Home Prices Less Than 15 Percent Away From 2006 Peak

By: Jann Swanson

Lender Processing Services (LPS) Home Price Index (HPI) rose 0.6 percent in July compared to June.  The index has increased 7.5 percent since the end of 2012 and is 8.7 percent higher than it was in June 2012.   

LPS bases its HPI report based on the month's residential real estate transactions and a repeat sales analysis of its property and loan-level databases.  The HPI represents the price of non-distressed sales by taking into account price discounts for bank-owned property (REO) and short sales.

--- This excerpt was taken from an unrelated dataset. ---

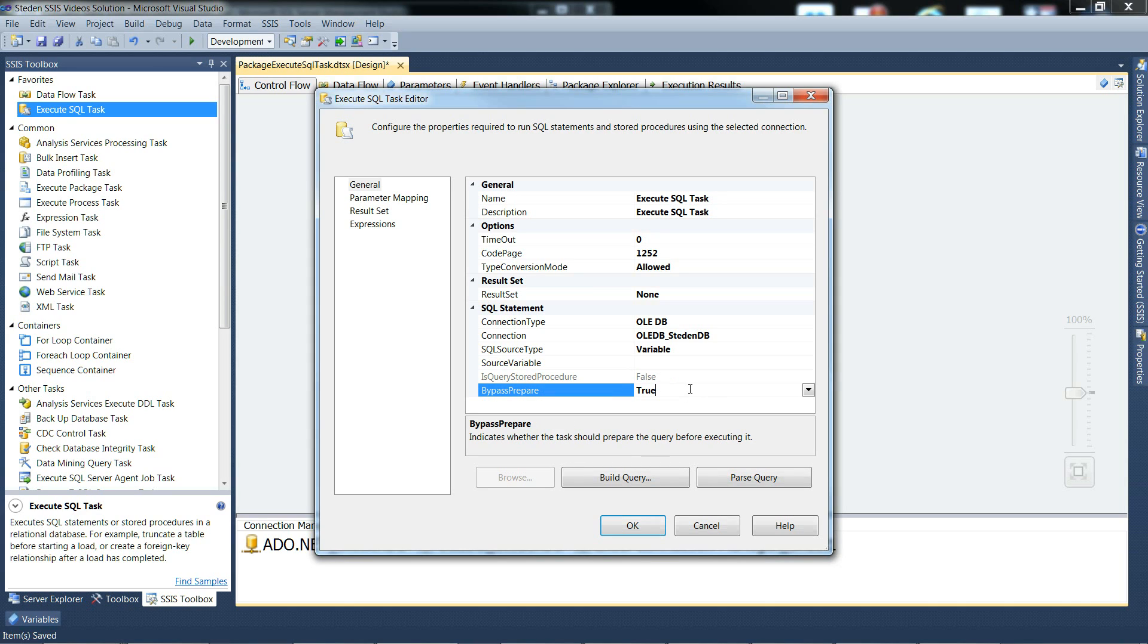And bypass prepare - only relevant to OLEDB connections, default is true, i.e. prepare is disabled. If prepare is enabled, bypass prepare equals false, then OLEDB connection prepares the T-SQL before executing it.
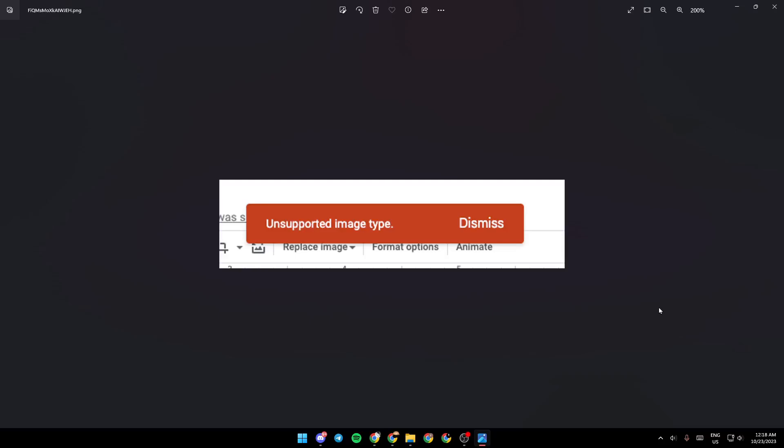Hello everyone, and welcome back to a new video. In this video, I'm going to show you guys how you can fix unsupported image type on Google Slides. So if you guys want to learn how to do it, just follow the steps that I'm going to show you.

The July index was at $231,000 compared to $229,000 in June, $214,000 at the end of the year, and $212,000 in July 2012.  Thus the index rose as much in the most recent month ($2,000) as it did in the period of July through December 2012.   The current index is 14.7 percent below the national housing price peak of $270,000 reached in June 2006.

 

Minnesota and Utah posted the largest month-over-month price increases; both were up 1.1 percent.  Florida and Nevada were each up 1.0 percent followed by Georgia, North Dakota, Arizona, Michigan, and Idaho all of which increased 0.9 percent.  At the bottom were Pennsylvania, unchanged from June, Vermont, up 0.1 percent and New Mexico, North Carolina, Missouri, Arkansas, Nebraska, and Connecticut, each of which posted an 0.2 percent increase. 

Among large metropolitan areas Orlando had the largest monthly improvement at 1.6 percent followed by Stockton and Modesto, California at 1.4 percent and 1.3 percent respectively.  The largest negative changes were in Akron and Winston North Carolina at -0.4 percent each followed by Ocean City, New Jersey and Harrisburg each down 0.3 percent.